Private Equity
Private Equity Investment
An investment in the share capital of a private company. (MCQ topic likely)
By acquiring shares (and thereby ownership rights in a company) the investor hopes to receive INCOME from the profits
generated by that company and to make a CAPITAL GAIN from the onward sale of those shares.
The private equity FUND and PROVIDER
So, what are a private equity fund and a private equity provider?
The private equity FUND is the pool of money that is to be invested.
The fund may come from a variety of sources, such as particular individuals or companies, or from
institutional investors like pension funds, banks and insurance companies.
Specialist funds are created whereby these investors agree, usually (primarily for tax reasons) in the UK
through the form of a limited partnership, to provide funds to be invested in particular types of private
companies.
In 2017, the Government created a new class of limited partnerships – private fund limited partnerships
– which are subject to a simplified regulatory regime, making them the most suitable vehicle for the
majority of modern transactions.
The private equity fund will usually have a statement as to the type of investments for which the fund may be
used.
The investment of the money within the fund will be made by a private equity PROVIDER (or Private Equity
House).
The private equity provider makes its profit by the successful investment of private equity funds (often
through the imposition of fees based on percentage profits of successful investment returns).

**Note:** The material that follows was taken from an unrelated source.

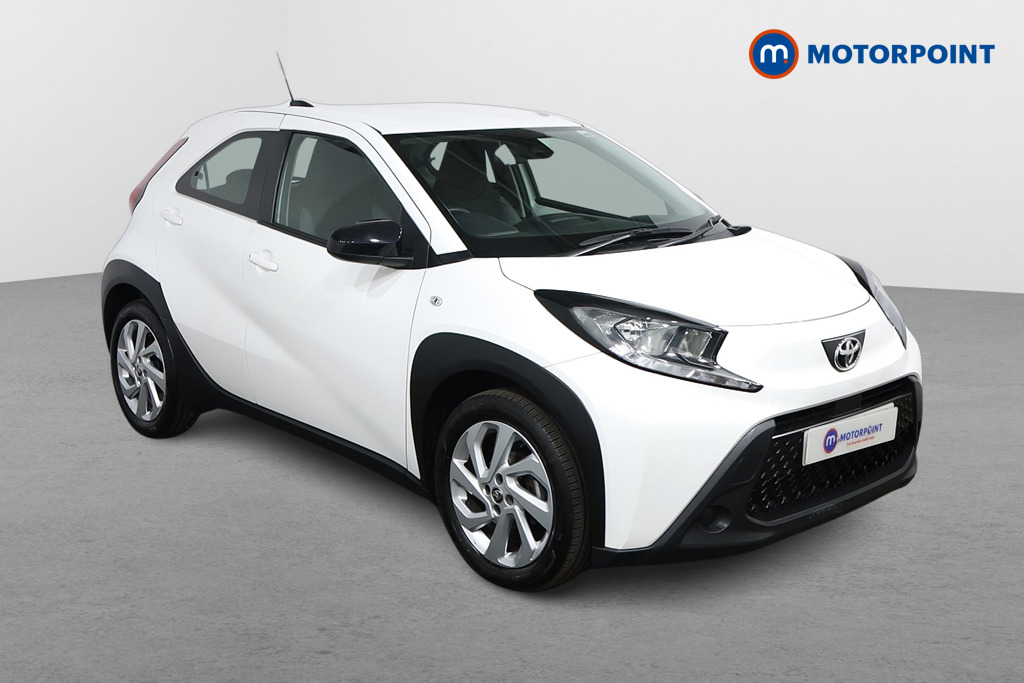 Toyota Aygo X Pure Manual Petrol Hatchback - Stock Number (1549774) - Drivers side front corner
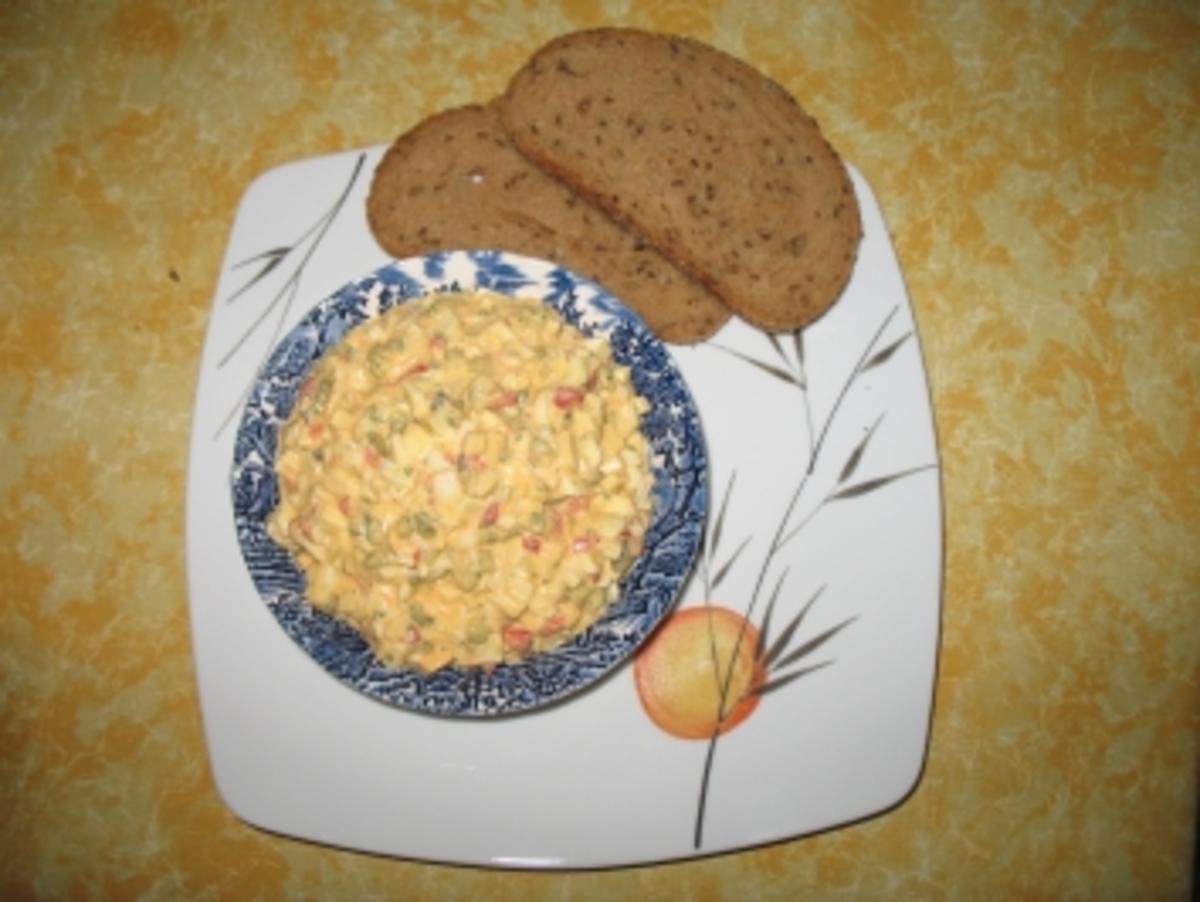 Eier-Käsesalat - Rezept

It is vital for the private equity provider to undertake successful investments since, if the funds it invests
do not generate acceptable returns, the investors are unlikely to put money into funds run by that
provider again.
A private equity provider will try to maximise profit for the investors whilst at the same time minimising
the risks of the investment in order to grow its own business successfully and develop a good reputation
in the private equity market.
The decision to INVEST
Before undertaking an investment, the private equity provider will usually follow an agreed internal procedure for the
approval of the investment.
As an acquisitions lawyer working on a private equity transaction, it is important to appreciate any requirements
there may be for such internal approvals before funds are placed, as this can have a significant impact on the
timetable of a proposed acquisition.
The internal procedure will usually involve the production of an investment paper which will then be
presented to an investment committee of the private equity provider.
This paper will set out the proposed structure for the transaction and the anticipated rate of return on
the investment.
Where the funds to be provided are for a buyout, an offer for the acquisition will be made on the basis of this
initial approval, and final approval of the investment committee may also be required when the detail of the
proposed acquisition has been agreed.
The investment of the funds will often be provided through particular corporate investment structures.